Фриз зеленый, паутина серебряная. Глаза ясные, можно жить. Сначала.
Берта спала рядом, на спине, темные брови крыльями, губы чуть приоткрыты, темные волосы на подушке, наволочка серая, не отстирать, мыла нет, и не выбросить, поскольку заменить нечем.
Не думал, что она останется, Берта, дочь Марфина, бесстрашная ровесница века, отвергающая предрассудки, но все же: «Вы мне друг, Дан, знали моего отца…»
Вчера он выходил на улицу, постоял-постоял на мусоре во дворе, держась за кирпичную стену, подышал-подышал, вернулся легким воздушным шариком. И позавчера, оказывается, выходил, с Бертой под руку. «Какое сегодня число, Берта?» — «Шестнадцатое марта, Дан, воскресенье». Вот именно воскресение.
— Берта… — Он прислушался к своему голосу. — Бер-та!
Она сдвинула брови, но глаза закрыты.
— Сегодня праздник, Берта, День Парижской коммуны.
— Поздравляю вас, Дан. — Влажный шепот со сна. Открыла глаза, уставилась в потолок.

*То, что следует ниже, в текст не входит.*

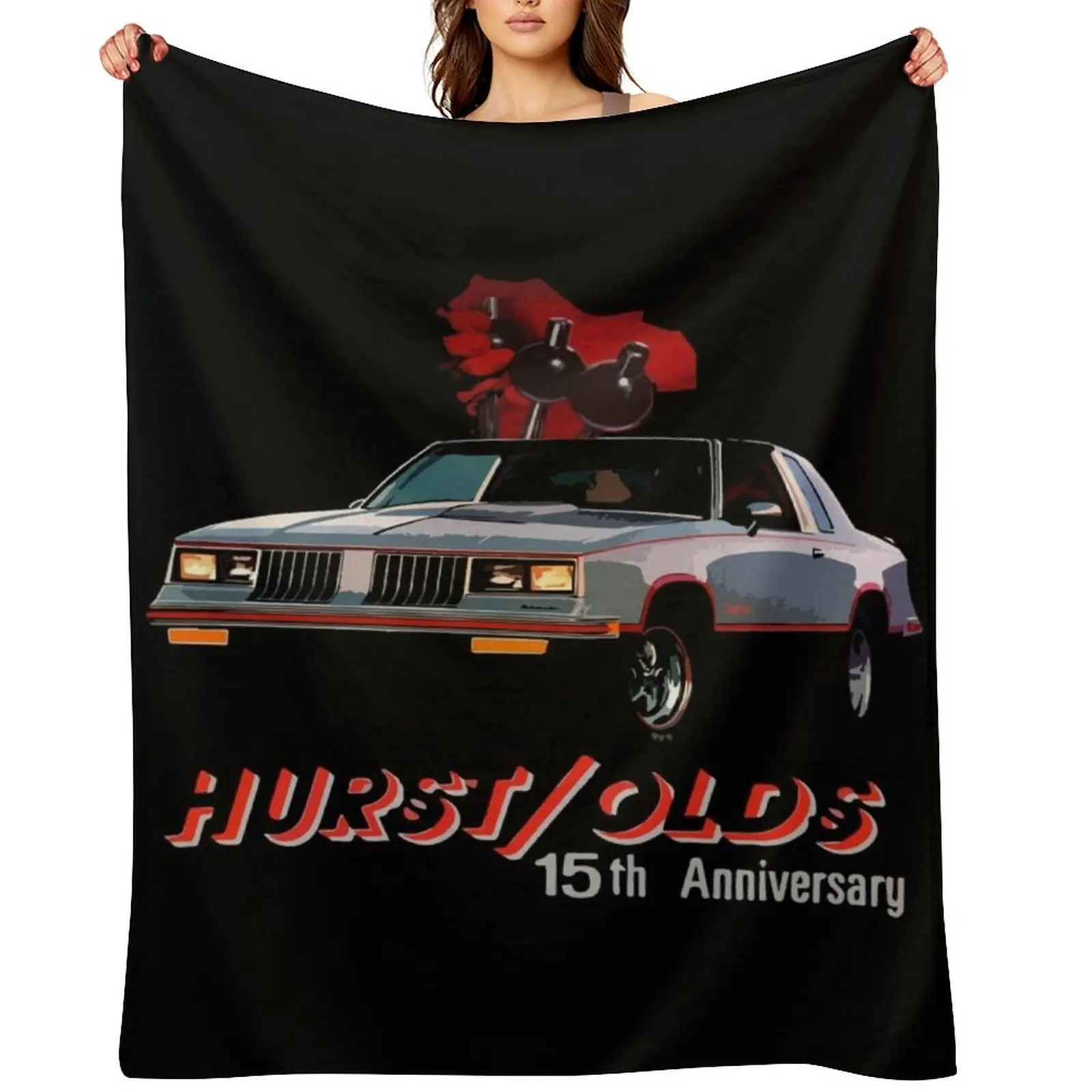 

1984 Hurst Olds Throw Blanket Beach For Sofa Thin Stuffeds Bed covers Blankets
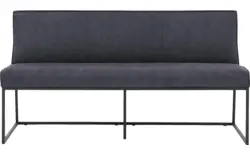 Goossens excellent eetkamerbank tom blauw micro leer - 8213174-01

— Сегодня я выйду на улицу.
— Чека еще существует, Дан.
— Плевать! Это мой праздник.
Берта поежилась, плечами подсунула одеяло до самого подбородка — холодно.
— А мне в театр, я не могу с вами.
— Один пойду. — Отличный бодрый голос, светло и ясно. — Только ты мне принеси газеты.
Куда он пойдет, к кому? А никуда, просто по улице. Вид толпы, глаза, лица покажут ему, что было тут без него, предскажут, что будет.
— Марию Спиридонову посадили или выпустили?
— Выпустили, вы мне сами говорили, Дан. — Берта зевнула. — А потом, кажется, опять посадили. — Плечами подправила одеяло, на кромке сатин посекся, видна серая вата. — По требованию МК большевиков.
Она сжалась, как перед прыжком в воду, рывком сбросила одеяло, вскочила испуганно, будто намереваясь сбежать от холода, грациозная, гибкая, хотя и в нелепой одежде, в рубашке Дана и в его брюках, все широкое, складками, только бедра в обтяжку. Стянула через голову рубашку, раскосматив волосы, по-женски топча ногами штанины, стянула брюки и нагая, сиреневая от холода, стала натягивать на себя шелковое белье с кружевом, подрагивая коленками и судорожно всхлипывая.
«Бог проявляет себя в теле женщины». Дан видит ее красивой и потому будет жить.
Тем не менее дарить белье — хамство. Голубое, кремовое, переливчатое. Прежде у нее такого не было. Но кто-то же дарит. Видать, соратник по борьбе за свободу пола. В театре? Или все в той же лиге?..
Берта ушла. Шляпка, пальто, мех, муфта — одета, будто не было революции. Зато драное пальто Дана красноречивое тому подтверждение.
«Найди мою дочь, Дан, — просил Марфин в Бутырках, когда его уносили в лазарет. — Пусть она увидит зарю свободы. Прощай». Умер двадцатого февраля. А первого марта революционная толпа распахнула тюремные ворота.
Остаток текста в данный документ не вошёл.